Thursday, July 07, 2005

Consequences of a lifetime of not being present

Yesterday afternoon I came in from doing a million errands to find my husband working on reconciling the checkbook after several months. As soon as I walked in, I could tell he was mad about something. He doesn't have to say a word, I can sense it. He had discovered that there were some withdrawals I made but never wrote down, as well as some checks from another checkbook that I keep in my purse that I never recorded. Understandably he was upset. It wasn't that we were overdrawn, but as he said, "This is no way to keep a checkbook."

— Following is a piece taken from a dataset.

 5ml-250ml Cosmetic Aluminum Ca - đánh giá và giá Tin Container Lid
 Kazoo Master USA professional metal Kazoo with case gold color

Before entering a 12-step recovery program, which seems to be helping me immensely, I would have yelled back, made excuses, maybe even lied in some way to cover my ass. Instead I admitted -- yeah, I really suck at this and ask him if we could come up with a more stable plan for oversight of the checkbook. I admitted that I have never been very responsible when it comes to money and keeping track of it. He wanted to continue to yell about it, but I simply said what can we do to make it better in the future, let's come up with a plan. I felt better admitting my weakness rather than telling a big fat lie. I've lied about this weakness for years and it resulted in a horrible credit history and more check overdrafts than I care to recall. I don't want to live irresponsibly in any way any more.

And even though I think I handled this confrontation very well -- much better than I've ever handled something like that before, in the end I began to cry and it seemed I could not stop crying. I have been so irresponsible with my life, made so many poor choices, just because I was always running, always somewhere else other than the present, scared of fear and almost anything negative, scared even of myself. I have just not shown up in my own life. I didn't want to be there. I always wanted to be in someone else's life. All this came rushing at me yesterday as I faced this one area of my life where the consequences and truth stared at me directly. Did it hurt to look at this? Hell f'ing yeah it did. All I could think was, "How could I have made so many bad choices in my life?" That sentence just kept going over and over and over in my concious mind, but underneath years of the truth was flashing through -- spending, eating, sex, lies, ... on and on. But it was like it brought me right in front of myself and said, "Now stand there. Look at this. Is this what you CHOOSE to be for the rest of your life? OK then, you don't have to be. Get your ass in gear."